[Opening EXERCISE DATA section]

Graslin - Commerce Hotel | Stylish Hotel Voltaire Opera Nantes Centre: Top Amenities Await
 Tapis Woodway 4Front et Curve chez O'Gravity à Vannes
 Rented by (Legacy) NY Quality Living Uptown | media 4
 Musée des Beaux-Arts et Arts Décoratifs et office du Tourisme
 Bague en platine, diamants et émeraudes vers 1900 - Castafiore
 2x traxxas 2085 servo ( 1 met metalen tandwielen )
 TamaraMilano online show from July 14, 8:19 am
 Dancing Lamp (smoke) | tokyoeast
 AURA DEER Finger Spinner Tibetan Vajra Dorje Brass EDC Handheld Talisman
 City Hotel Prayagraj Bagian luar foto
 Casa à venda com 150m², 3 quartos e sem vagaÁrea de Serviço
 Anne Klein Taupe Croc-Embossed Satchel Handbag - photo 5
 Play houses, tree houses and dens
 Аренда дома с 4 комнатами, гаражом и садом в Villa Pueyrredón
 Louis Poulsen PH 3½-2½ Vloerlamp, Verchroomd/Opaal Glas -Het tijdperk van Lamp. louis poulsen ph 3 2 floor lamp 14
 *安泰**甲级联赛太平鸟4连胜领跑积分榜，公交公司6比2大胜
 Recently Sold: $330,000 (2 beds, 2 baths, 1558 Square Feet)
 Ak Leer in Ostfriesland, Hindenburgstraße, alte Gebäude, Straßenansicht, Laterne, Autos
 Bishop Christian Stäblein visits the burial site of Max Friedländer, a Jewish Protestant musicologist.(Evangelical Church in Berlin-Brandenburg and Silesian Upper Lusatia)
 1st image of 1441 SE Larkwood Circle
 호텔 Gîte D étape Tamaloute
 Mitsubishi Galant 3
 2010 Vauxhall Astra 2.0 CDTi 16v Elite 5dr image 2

[Closing EXERCISE DATA section]

Set down exactly the lines of the listing above, from the line holding "Dancing Lamp (smoke) | tokyoeast" through its last line, with nothing added.

 Dancing Lamp (smoke) | tokyoeast
 AURA DEER Finger Spinner Tibetan Vajra Dorje Brass EDC Handheld Talisman
 City Hotel Prayagraj Bagian luar foto
 Casa à venda com 150m², 3 quartos e sem vagaÁrea de Serviço
 Anne Klein Taupe Croc-Embossed Satchel Handbag - photo 5
 Play houses, tree houses and dens
 Аренда дома с 4 комнатами, гаражом и садом в Villa Pueyrredón
 Louis Poulsen PH 3½-2½ Vloerlamp, Verchroomd/Opaal Glas -Het tijdperk van Lamp. louis poulsen ph 3 2 floor lamp 14
 *安泰**甲级联赛太平鸟4连胜领跑积分榜，公交公司6比2大胜
 Recently Sold: $330,000 (2 beds, 2 baths, 1558 Square Feet)
 Ak Leer in Ostfriesland, Hindenburgstraße, alte Gebäude, Straßenansicht, Laterne, Autos
 Bishop Christian Stäblein visits the burial site of Max Friedländer, a Jewish Protestant musicologist.(Evangelical Church in Berlin-Brandenburg and Silesian Upper Lusatia)
 1st image of 1441 SE Larkwood Circle
 호텔 Gîte D étape Tamaloute
 Mitsubishi Galant 3
 2010 Vauxhall Astra 2.0 CDTi 16v Elite 5dr image 2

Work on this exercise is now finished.